There is a famous saying by Dr. Seuss that says: “The more that you read, the more things you will know. The more that you learn, the more places you’ll go.”

Anyone who has read a good book knows how  reading can transport us to far and distant places. Not only does reading help us relax, but it also develops our mind, and imagination. Reading has become an essential life skill that helps us interact with the world around us. Equipping our children with effective literacy skills has become a natural and fundamental part of our lives.

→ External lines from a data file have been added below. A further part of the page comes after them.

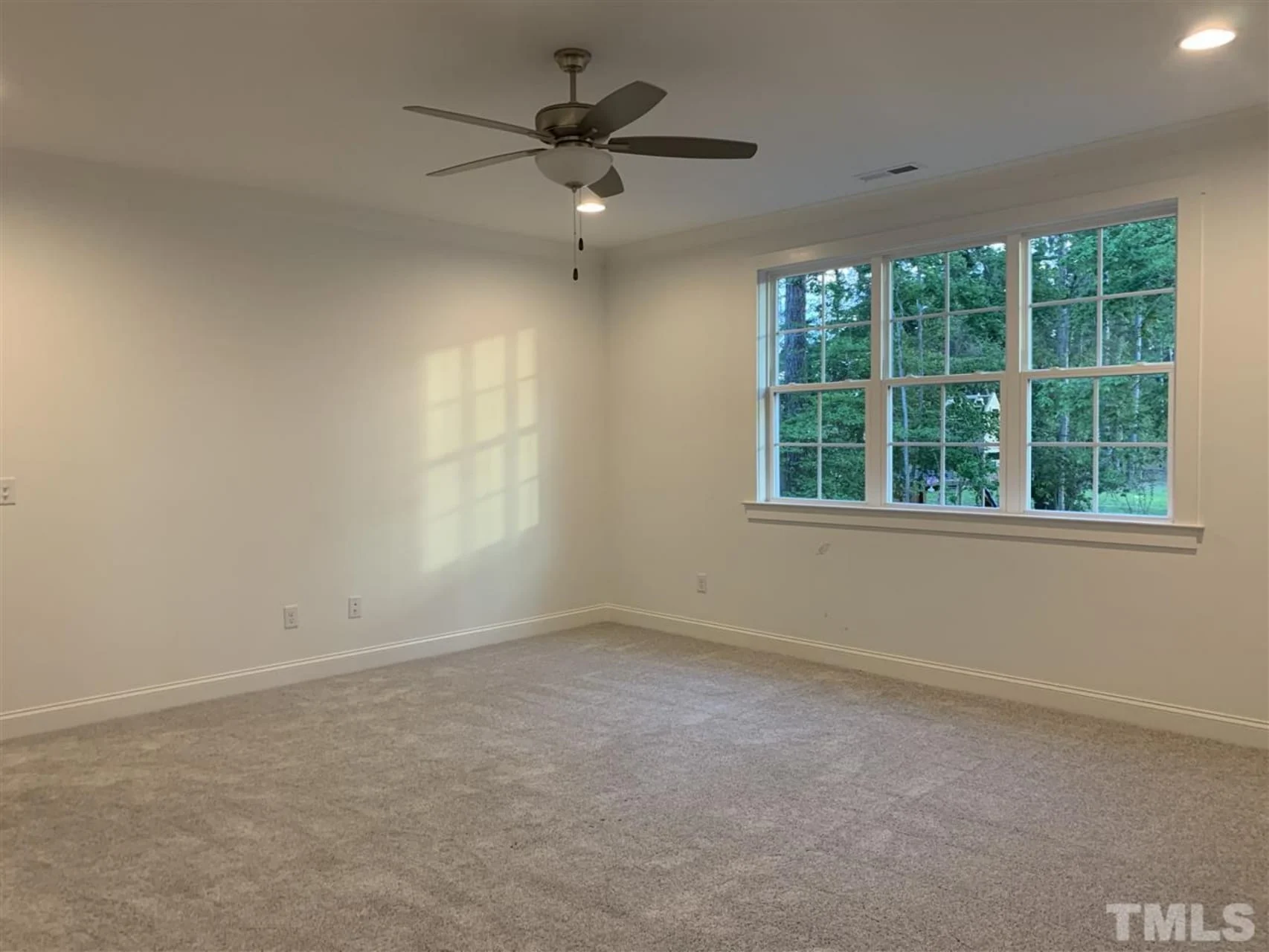 19-1447 HOUSE PLAN - 4-Bed, 3-Bath Transitional Craftsman House Plan – 3,146 Sq Ft with Bonus Room 26 Stylish 2-Story house Plan with 4 Bedrooms and Open Floor Plan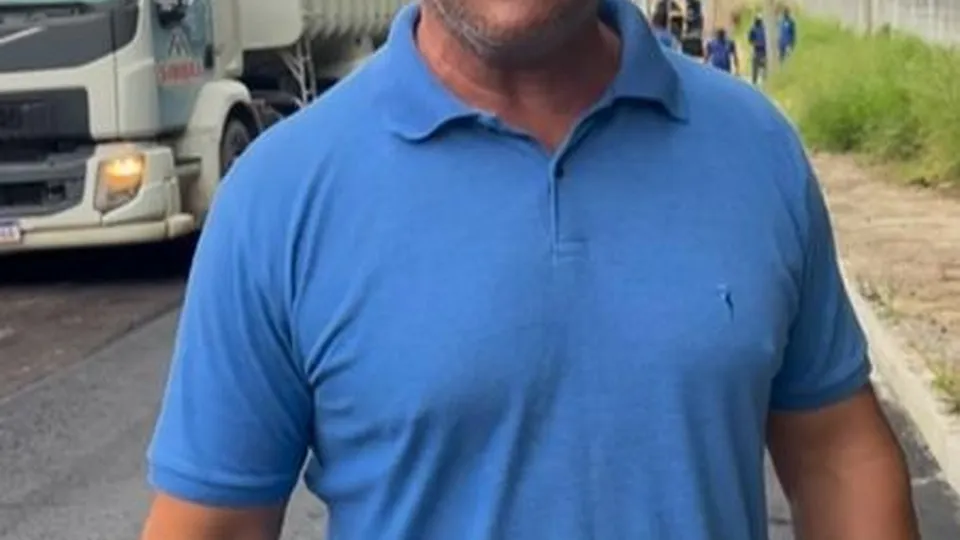 Silmar Braga, de 51 anos, foi morto na porta de casa em Magé; a motivação do crime ainda é desconhecida.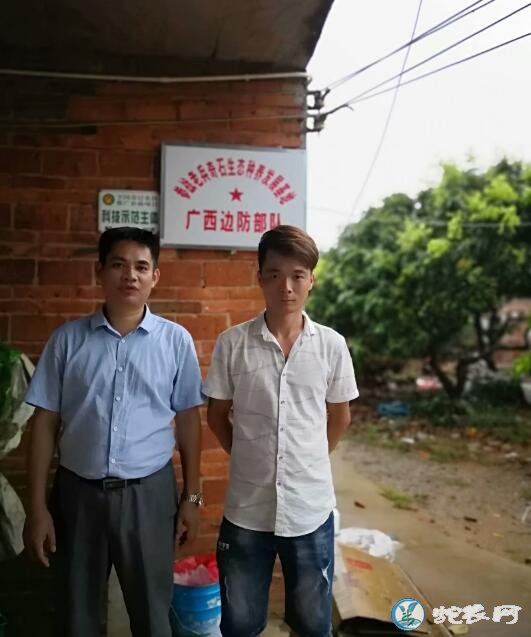 黄老师到越战老英雄老曾学员的生态养蛇基地实地指导!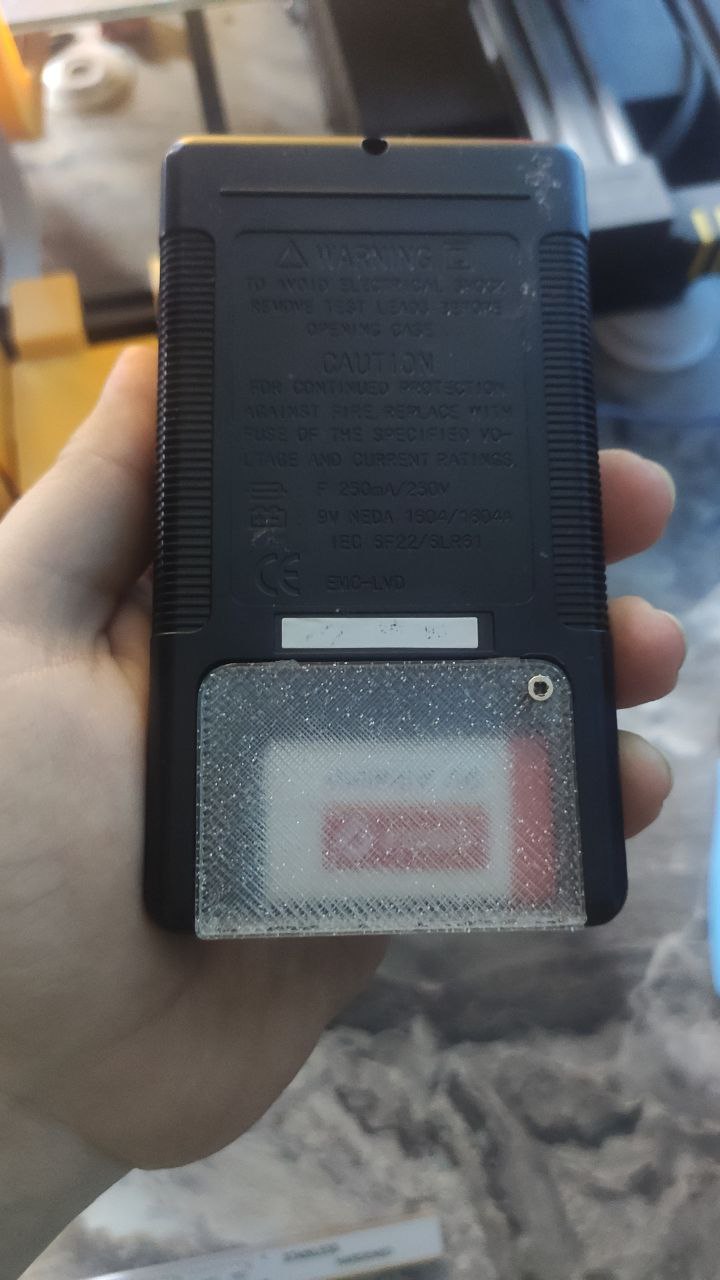 Pil bölmesinin multimetresi için kapak M-833 Master (Plastik Aparattır!!!)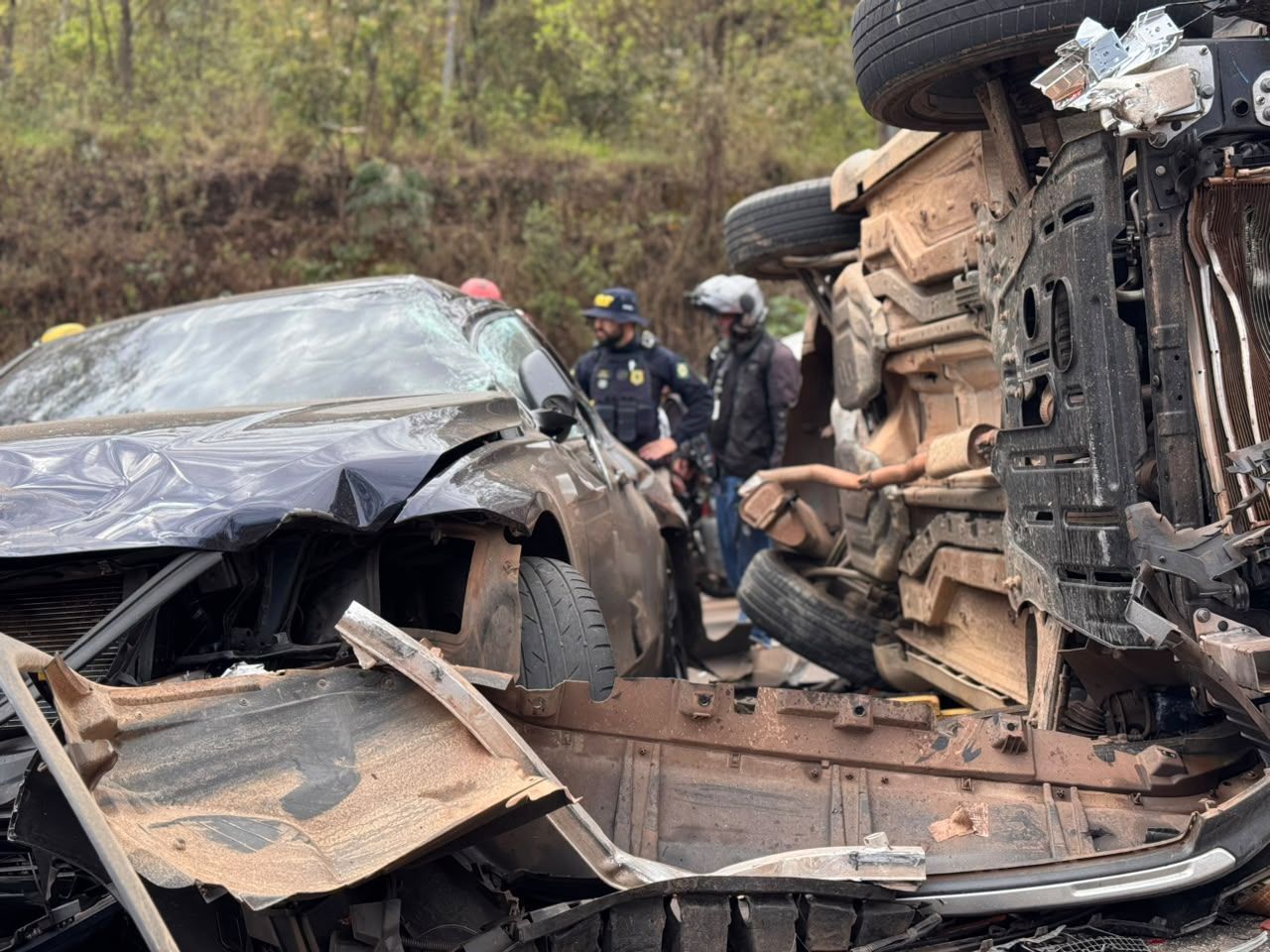 Veja fotos do grave acidente com 20 veículos na BR-040, em Nova Lima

However, reading isn’t a skill that we are naturally born with. Whilst it is true that there are some children who are capable of learning to read on their own, the majority of us need to be taught how to read. In most cases children start developing their literacy skills at nursery school, where they start to learn how to decipher the letters of the alphabet. It is only usually at primary school that they begin learning how to read by learning how to apply decoding and blending strategies. Although mastering this skill requires a lot of focused practice both in and out of the classroom, the result is and should be magical.

So how can we, as teachers and parents, promote the love of reading in our children? How can we make it easier for our children to choose a book that appeals to their natural curiosity, as well as their interests? Only with the answers to these questions can we enable them to have a meaningful and personalised reading experience.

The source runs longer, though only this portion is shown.